When a statement, definition, or structure is written, a proof must be given. In this proof, logical reliance is stated using the "relies on" property. Proofs must be written in such a way to minimize logical reliance.
All mathematics within the SlugMath wiki should be written in a consistent style and notation. All proofs should be correct, written by a research mathematician, and checked by other mathematicians. Moreover, all proofs should be written in a minimalist style, and commentary should be separated from the proof.
Coverage of mathematics
- Development of "naive" set theory from the Zermelo-Fraenkel axioms.
- Basic first-order logic.
- The construction of high-school mathematics from set theory.
- Abstract algebra, including the elements of group theory, ring theory, fields, and Galois theory.
- Basic differential and integral calculus.
- Differential geometry, including the development of calculus on smooth manifolds with boundary and corners.
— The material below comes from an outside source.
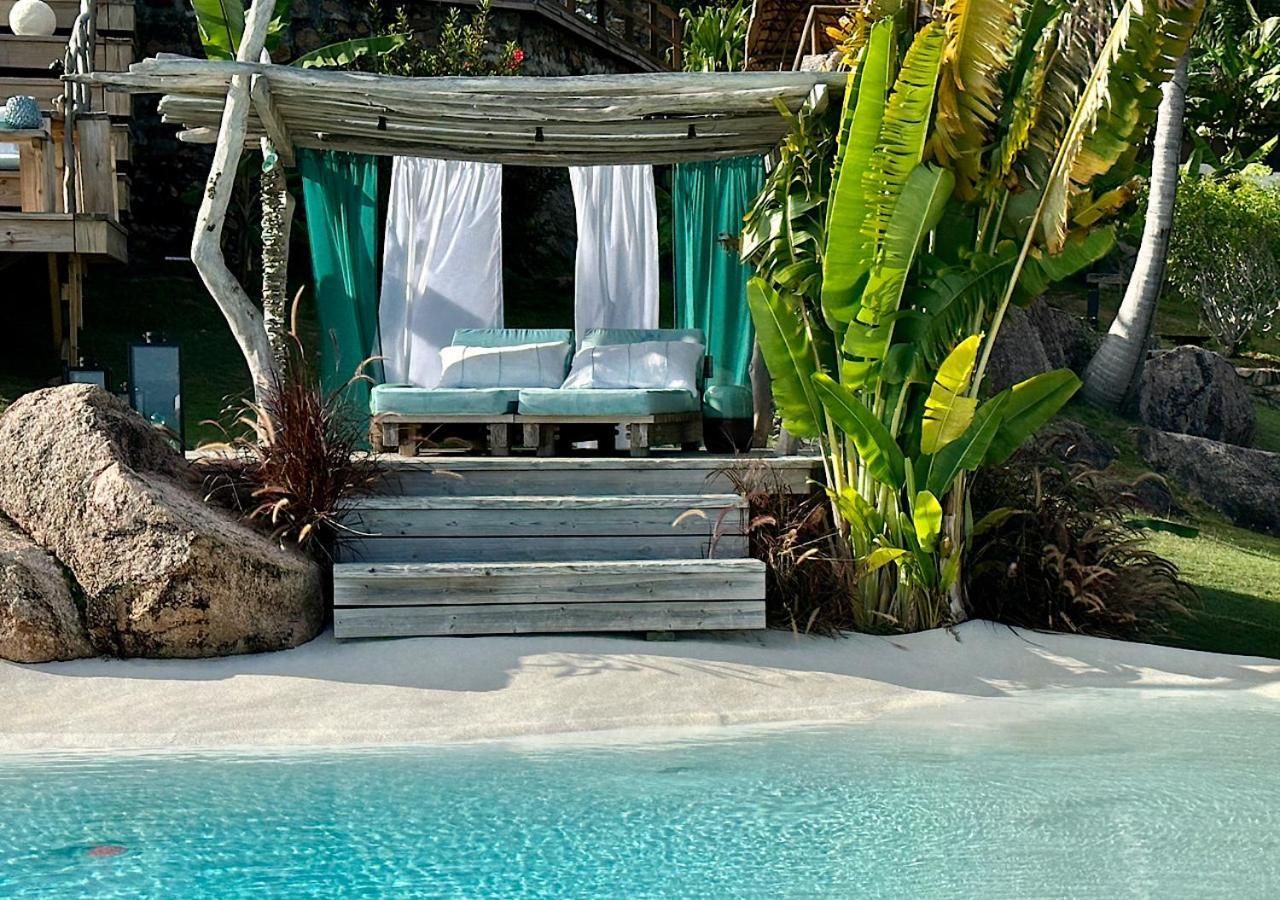Chateau De Feuilles & Spa - Praslin Island Baie Sainte Anne Eksteriør billede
- Classical geometry, including Euclidean and Non-Euclidean axiomatic geometry.
- Graph theory
- Combinatorics
- Number theory, including quadratic reciprocity, and basic facts about binary quadratic forms.
Proof Markup
Direct Proofs
A "direct proof" is a linearly structured argument, from a hypothesis to a conclusion, in which each sentences follows from the previous sentences via deduction and previously acquired knowledge. Direct proofs are written using the DirectProof template, as below:
| Hypothesis | |
| A direct argument | |
| Conclusion |
Color coding and indentation are automatic.
Inductive Proofs
An "inductive proof" is a proof that a sentence $\Phi(x)$ is true for all natural numbers $x$ greater than a certain natural number $x_0$. Such a proof involves a base case and an inductive case, together with a conclusion. Inductive proofs are written using the InductiveProof template, as below:
| $x=0$ | A proof of $\Phi(0)$. |
|---|---|
| $x>0$. | A proof that if $\Phi(i)$ for all $i < x$, then $\Phi(x)$. |
| Conclusion | |
Proofs by contradiction
A proof by contradiction is a proof of a "if-then" structured sentence via the contrapositive. Such a proof has a hypothesis (the sentence which will later be contradicted), a body, and a contradictory conclusion. Proofs by contradiction are written using the ProofbyContradiction template. A proof that $A \Rightarrow B$ is displayed below:
| NOT $B$ A direct argument | |
| Something that contradicts $A$. |